Step 2 — Preheat and Prep the Pan
Preheat your oven to 350°F (175°C). Generously grease and flour a 9×13-inch baking pan, or line it with parchment paper for easy removal. Proper preparation prevents sticking and ensures clean slices later.
Step 3 — Combine Dry Ingredients
In a separate bowl, whisk together the 3 cups of flour, baking soda, baking powder, and salt. This step, known as “dry whisking,” evenly distributes the leavening agents, which is more effective than sifting and prevents dense spots in your finished apple cake.
Step 4 — Cream Butter and Sugar
In the bowl of a stand mixer fitted with the paddle attachment, beat the 3/4 cup cubed cold butter and granulated sugar on medium-high speed for 3-4 minutes, until light and fluffy. This creaming process incorporates air, which is essential for the cake’s rise. Add the eggs one at a time, beating well after each, then mix in the vanilla.
Step 5 — Alternate Wet and Dry
With the mixer on low, add about one-third of the flour mixture, followed by half of the sour cream. Repeat, ending with the final third of flour. Mix just until combined after each addition; overmixing at this stage develops gluten and leads to a tough crumb. The batter will be thick.
Step 6 — Fold in Apples and Layer
Using a spatula, gently fold the diced apples into the batter until evenly distributed. Spread half of the batter into your prepared pan. Sprinkle with half of the reserved streusel mixture. Carefully spread the remaining batter over the streusel layer, then top with the remaining streusel.
Step 7 — Bake to Perfection
Bake for 55 to 65 minutes. Unlike a quick bread, this moist cake is done when a toothpick inserted into the center comes out clean or with a few moist crumbs (not wet batter). The top will be golden brown, and the streusel will be crisp.
Step 8 — Cool and Serve
Allow the coffee cake to cool in the pan on a wire rack for at least 45 minutes before slicing. This resting period allows the structure to set, making it much easier to cut clean pieces. Serve warm or at room temperature.

Nutritional Information
| Calories | ~420 kcal |
| Protein | 6g |
| Carbohydrates | 68g |
| Fat | 15g |
| Fiber | 2g |
| Sodium | ~280mg |
Note: Estimates are per serving (1/16th of cake) based on typical ingredients. Values may vary with specific brands or substitutions. This apple cinnamon cake provides a source of energy and fiber from the whole apples.
Healthier Alternatives
- Whole Wheat Pastry Flour — Already mentioned as an option, it adds fiber and a nutty flavor while maintaining a tender crumb.
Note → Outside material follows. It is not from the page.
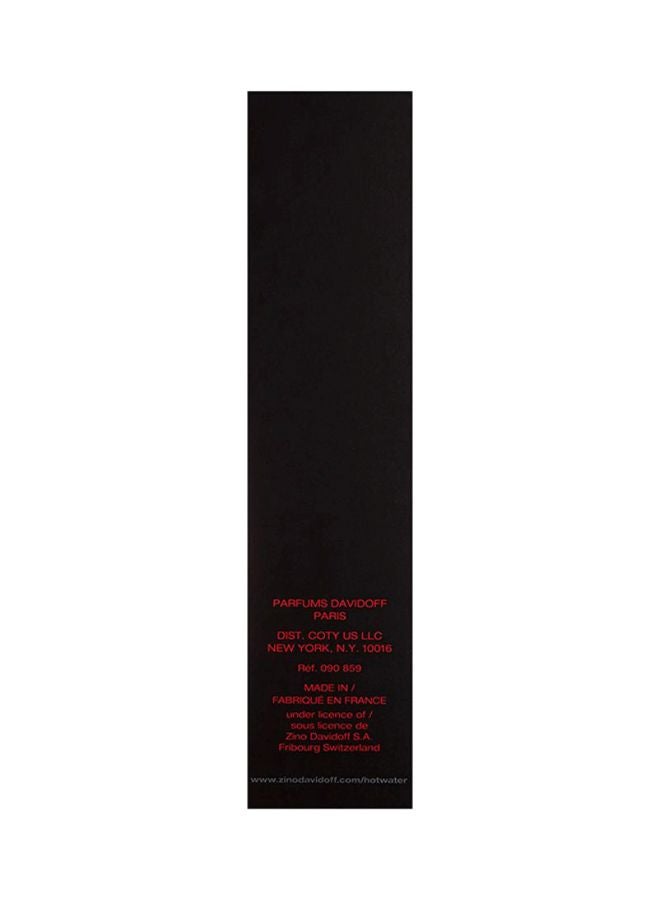 Davidoff Hot Water Eau De Toilette 110ml  - Image 4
- Greek Yogurt for Sour Cream — Increases protein content and reduces fat without sacrificing the essential moisture.
- Reduce Sugar by 25% — The natural sweetness from the apples often allows for this cut, especially if using a sweeter variety like Honeycrisp.
- Coconut Oil or Avocado Oil — For a dairy-free version, replace butter in the cake batter with an equal amount of refined coconut oil for a neutral taste.
- Almond Flour Blend — For a gluten-free apple coffee cake, substitute 30% of the all-purpose flour with almond flour for added protein and moisture.
- Monk Fruit or Erythritol Blend — A 1:1 sugar substitute can lower the net carbs for those monitoring intake.
- Add Nuts to Streusel — Mix in 1/2 cup chopped walnuts or pecans for healthy fats, extra crunch, and protein.
Serving Suggestions
- Serve a warm slice with a dollop of vanilla ice cream or a drizzle of salted caramel for a decadent dessert.
- Pair with a hot cup of black coffee or a chai latte to complement the warm spices in this classic coffee cake.
- For a festive brunch, dust with powdered sugar and serve alongside savory items like quiche or scrambled eggs.
- Add a side of lightly sweetened whipped cream or Greek yogurt for a balanced breakfast treat.
- Garnish with thin, fresh apple slices and a sprinkle of cinnamon before serving for an elegant presentation.
- Pack individual portions for a satisfying midday snack or lunchbox treat.
This versatile cake shines in autumn but is a welcome comfort food year-round. It also travels well, making it a perfect potluck or gifting option.
Common Mistakes to Avoid
- Mistake: Using room-temperature butter for the streusel. Fix: Always use cold butter to create a crumbly, crisp topping instead of a greasy paste.
- Mistake: Overmixing the batter after adding the flour. Fix: Mix on low speed and stop as soon as the flour is incorporated to prevent a tough, dense cake.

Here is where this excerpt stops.